• [WORK INSTRUCTIONS]:
Below are the records. Reproduce the line that contains "交流促提升 互動謀發展|花花牛乳業集團總裁楊永帶隊分別赴廣東燕塘乳業及越秀風行乳業參觀交流 交流促提升" and every line after it to the end, exactly and alone.

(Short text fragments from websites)
################

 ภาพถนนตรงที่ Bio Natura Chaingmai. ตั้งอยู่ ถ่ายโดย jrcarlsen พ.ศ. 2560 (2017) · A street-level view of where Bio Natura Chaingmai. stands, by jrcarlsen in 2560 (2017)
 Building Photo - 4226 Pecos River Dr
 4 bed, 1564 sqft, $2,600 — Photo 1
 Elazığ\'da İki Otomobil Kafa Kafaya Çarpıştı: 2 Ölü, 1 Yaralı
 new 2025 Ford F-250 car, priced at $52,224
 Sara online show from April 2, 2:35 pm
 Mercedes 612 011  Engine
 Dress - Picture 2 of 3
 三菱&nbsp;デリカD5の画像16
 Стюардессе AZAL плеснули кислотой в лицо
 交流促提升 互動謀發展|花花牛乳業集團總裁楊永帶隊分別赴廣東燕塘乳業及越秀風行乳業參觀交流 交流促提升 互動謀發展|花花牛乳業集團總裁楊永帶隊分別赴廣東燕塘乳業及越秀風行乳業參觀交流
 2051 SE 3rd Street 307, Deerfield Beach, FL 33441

################

• [RESULT BELOW]:
 交流促提升 互動謀發展|花花牛乳業集團總裁楊永帶隊分別赴廣東燕塘乳業及越秀風行乳業參觀交流 交流促提升 互動謀發展|花花牛乳業集團總裁楊永帶隊分別赴廣東燕塘乳業及越秀風行乳業參觀交流
 2051 SE 3rd Street 307, Deerfield Beach, FL 33441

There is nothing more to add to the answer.